Wednesday, June 27, 2012

Today's the Day

Today's the day.
I've got my lucky, brand new,* pyjamas on. And while I may need to take them off to drop the kids off, I'll put them straight back on again when I get home.
There will be no tidying today. No washing. No dishes. (Okay. Okay. Maybe one load. One sinkful. One quick run through. But no more than that. Grrr. Get ye from my conscience dirty socks.)
I think (touch wood, cross fingers, walk backwards and hop three times) that I'm going to finish my latest book today.
After a long incubation, a rocky start when I decided I was writing in the wrong genre, scrapped the first 20,000 words and started again - she's finally on the homeward run. I've only got the last three chapters to write. And (thank you uni holidays and childcare!) a complete day to myself. And these chapters are the fun ones. Nell's quest  - searching for the mermaid's tear, the griffin's claw, the phoenix' feather, in order to get the ransom for her imprisoned sisters. And then the defeat of the evil merchant Mazarine - possibly with the use of latent were-wolf abilities. How fun is that?
It is possible that if I find I am procrastinating too much I will be forced (gulp) to go to a cafe to tear my link with the Internet. Sculling coffee and tapping away like a big person in a cafe, without fear of the sugar being thrown across the room or the table upended? Whoohoo. Be still my beating heart.
Today's the day. (Cross fingers, touch wood, walk backwards and hop three times)

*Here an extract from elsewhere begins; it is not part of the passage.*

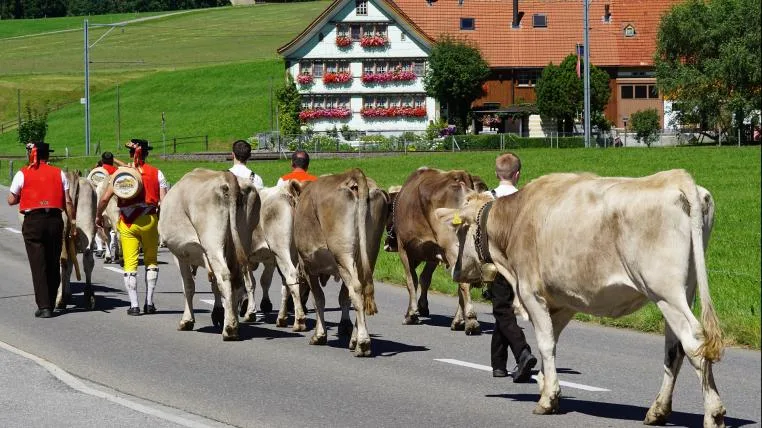 fcb7700346471aba27638353973d6dbe2b1a5903 Alpaufzug Appenzell
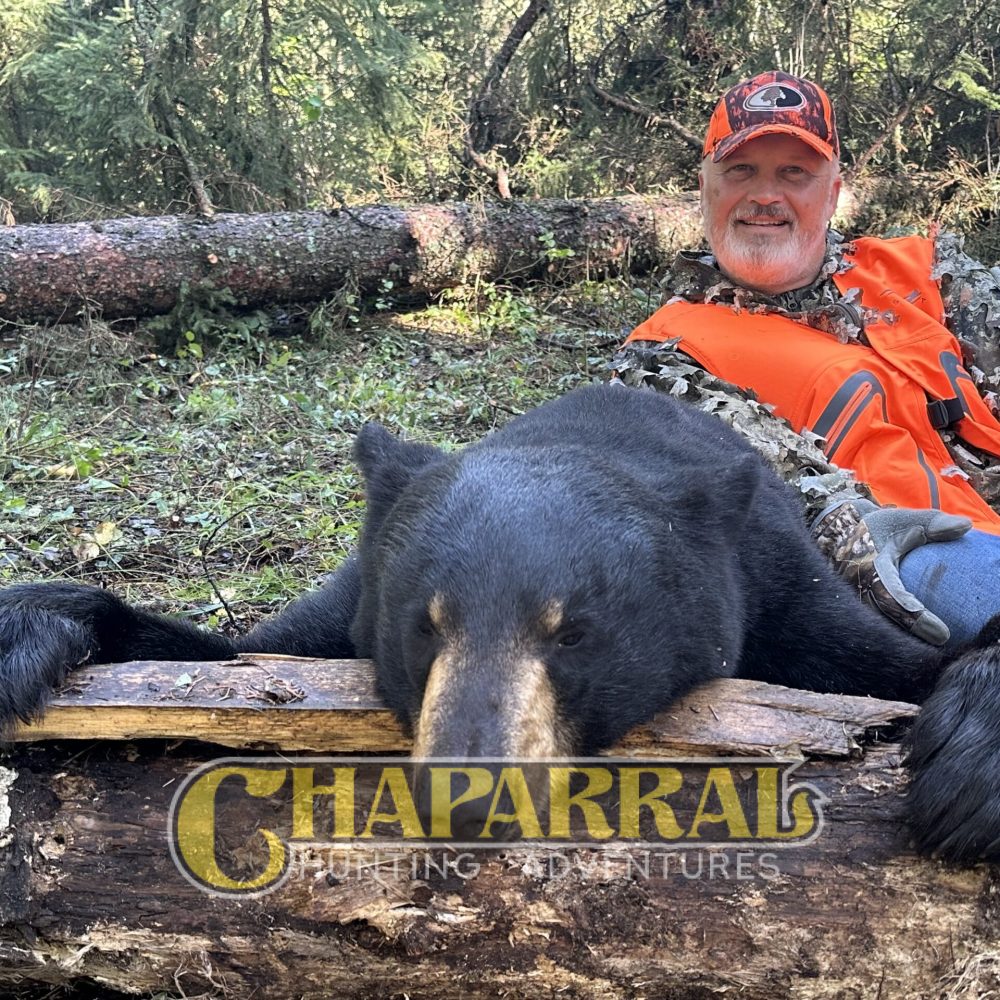 chaparral_2024_bear_2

*I do realise this means they have not been proven to be lucky, but I'm going to declare them lucky until they have revealed themselves otherwise. And of course, if I don't manage to finish up today, it's all their fault for their dearth of luckiness.

Monday, June 25, 2012


Did you hear that chattering? That's the sound of my teeth.
I've just been on the phone with the swim instructor, and our Sprocket is going to go up a class to have his lesson by himself - sans parent (O my little baby!) while Poppet still needs one of us in the water with her and will stay in the Infant class.
Which means... we'll be going to the swimming pool twice a week.
Which is nice in theory. But it's freezing. The water is (supposedly) heated and its an indoor pool, but there's a layer of heat on the surface of the water and then you step into c-c-cold. And it's not like we're swimming laps or anything. We're standing around in the shallows being a cheer squad while our wee ones amaze us with their brilliance. And my Poppet's lips turn purple.
The kid's class has been in the evening so My Beloved can come and we both have one kid to keep from drowning, and now we'll have two nights of classes... Which is... great... and exciting. But that dash from the pool, me (trying to run-with-straight-legs-so-I-look-like-I'm-walking) with all our bags and My Beloved with a kid under each arm, to the bliss and wonder of the shower is just... painful.
Recently, when I was staying with my folks in the Big Smoke, my Mum and I took the kids to the pool at Nunawading, which was enchantingly warm, and even heated to a great temperature out of the water.
On the other hand, our local pool here has a family change room, which has a shower with the best pressure and heat ever, and because there's four of us de-thawing under it, we figure we can stay in awhile. This is one of my very favourite times of the week. That wonderful, wonderful barrage of heat, instantly bringing us back to life and happiness! (It is odd how after you have been very uncomfortable, as soon as you reach comfort again the world suddenly gets a pleasant rosy glow and all-is-good)To see the little ones side by side with their little heads bent and their backs to the water is the cutest. Not so cute when they tell us to move over and stop hogging the water, but hey.
So I am excited at Sprocket moving up. I'm excited that we will reliably be going to the pool two nights a week. We really do think teaching the kids to swim and getting into the habit of exercising every week is mega important.
But brrr. I still shiver every time I think about it! 

Saturday, June 23, 2012

Writing Muscles & the Science Museum

The kids and My Beloved went off into the Big Smoke yesterday to see things and meet people.
Leaving me at home to write. Yay! And... not that I'm feeling smug or anything... but I got 5,000 + words written. Which isn't a lot for serious writers, I know, I know but I'm slowly building up again. And I finally got round to doing some more crits on Scribophile.
And okay, I know it's quality not quantity that counts, but it still feels nice to be building up my writing muscles.
So while I was sitting cross-legged on the couch consuming vast amounts of caffeinated beverages and writing on a roll... here's what the kids were up to. (Again... with slightly changed colours when the lighting wasn't quite right!) Locations include the Science Museum, the Carlton Gardens and some random Melbourne Locations.

Friday, June 22, 2012

Just for the record, Fireman Sam was NOT present.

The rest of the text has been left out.